Además resultó evidente que los altos funcionarios de la administración Reagan que tuvieron conocimiento sobre esa operación irregular, especialmente el coronel Oliver North, director del Consejo Nacional de Seguridad de la Casa Blanca, y William J. Casey, el director de la CIA (Agencia Central de Inteligencia) en ese entonces, engañaron a la comisión investigadora de congresistas y se defendieron declarando no saber nada sobre el asunto. Pero quizá la revelación más contundente fue la ratificación de que el presidente Ronald Reagan conocía las irregularidades y no tomó ninguna acción, en una clara omisión a sus deberes constitucionales.
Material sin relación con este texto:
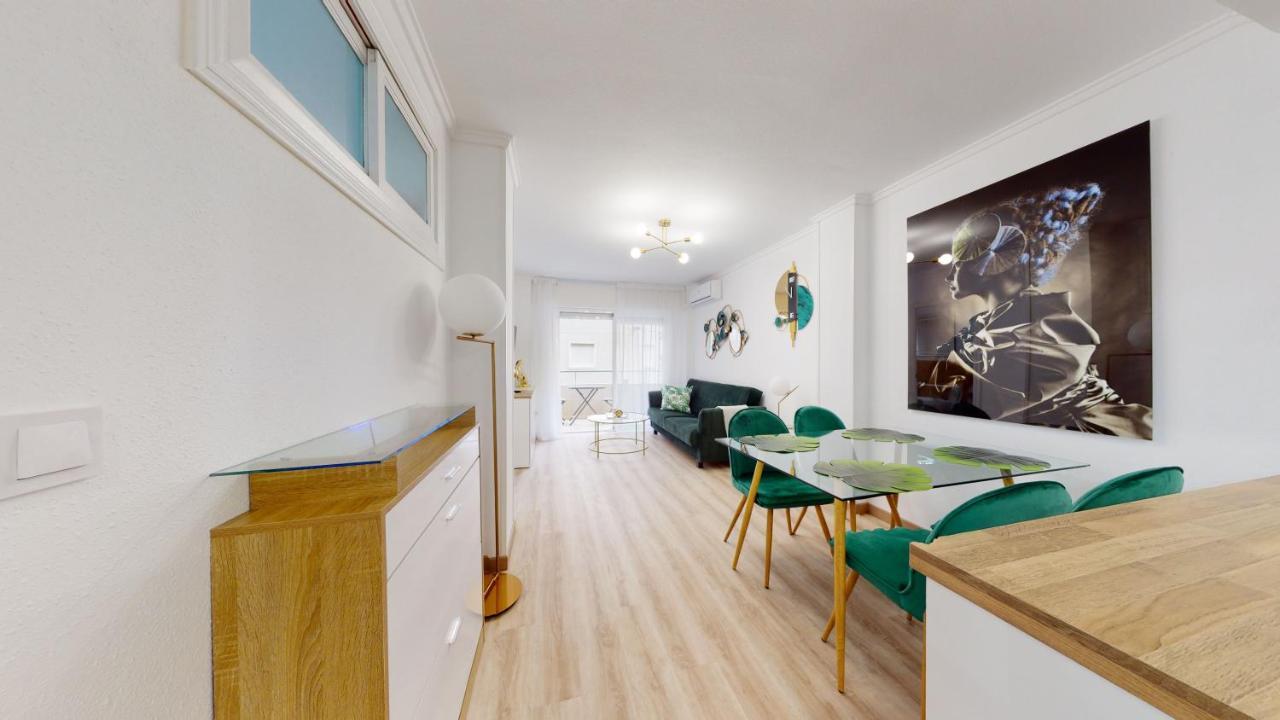 Apartmán Pedro Lorca Torrevieja Exteriér fotografie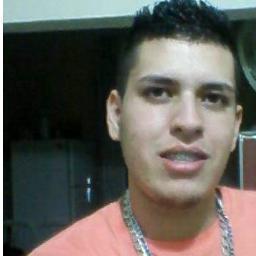 sou muito amigo , amo minha familia , curto sair cinema, shooping , lanchonete , barzinhu etc...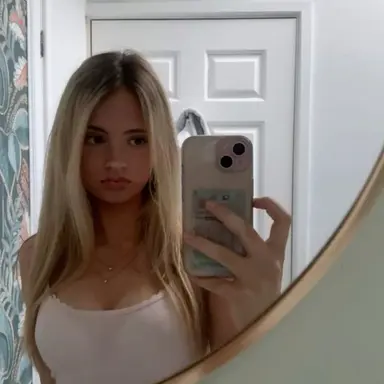Profile image of Ella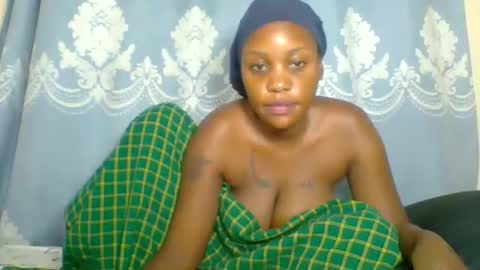Snapshot of prettydarkskin002 chatting on 10/06/25, 08:01 SHANIA online show from 10/06/25, 08:01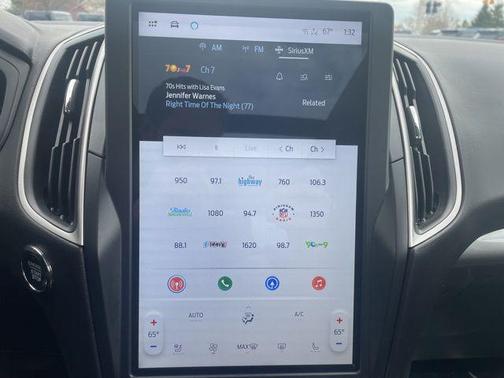 Iconic Silver Metallic 2024 Ford Edge SEL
A pesar de siete años de investigación y de 40 millones de dólares gastados, Walsh no logró avances significativos en torno al caso. Al fin y al cabo la clave de todo el asunto la tenía William J. Casey, quien, como director de la CIA coordina todas las operaciones secretas, pero que se llevó todos los detalles a la tumba en 1986. De todos modos, lo que sí resulta evidente es que la opinión pública y el Congreso de Estados Unidos han perdido paulatinamente su capacidad de fiscalización y han flexibilizado su posición frente al manejo de la Casa Blanca en los asuntos públicos de interés nacional.
Un escándalo de menores dimensiones, el famoso Watergate, le costo el cargo presidencial a Richard Nixon en 1973. Ahora, un asunto más delicado, apenas se evoca como algo anecdótico. Al parecer, para los estadounidenses, el tiempo y la memoria están cambiando.